The way <form> elements work is that they contain various form fields (text boxes, checboxes, radio buttons, etc.) as well as a way for all for form field data to be submitted somewhere (via a submit button).

When the submit button is clicked, all the name and value data form field elements within the <form> element (or attached to it via the form attribute) is sent to the location specified in the form's action attribute and the data is sent according to the value specified in the form's method attribute. This means that when the form is submitted, the browser will redirect and load the response from the location specified in the action. This is normal and part of the form submit process. Of course, this does mean that the current page will unload. This unloading/loading process has come to be known as a "postback". More modern approaches to sending data to the server, like AJAX, avoid the postback and allow the response from the server to be received without the current page being unloaded.

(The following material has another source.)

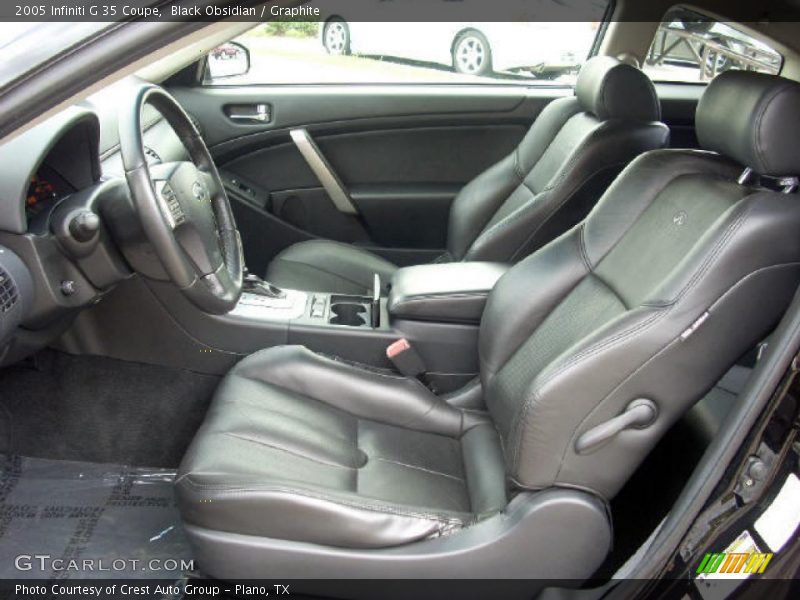 Black Obsidian / Graphite 2005 Infiniti G 35 Coupe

Now, to validate entries into a form, you'll want to set up an event handler for the form's submit event - - not the click event of the submit button. This can seem a little counter-intuitive at first but when you click a submit button, two events fire off - the button click and then the form submit.

In the function that is connected to the form's submit event, you do your validation according to whatever logic you want. Only if you determine that there is something invalid about the form data, you cancel the submit event, thus preventing the data from going anywhere and preventing the postback.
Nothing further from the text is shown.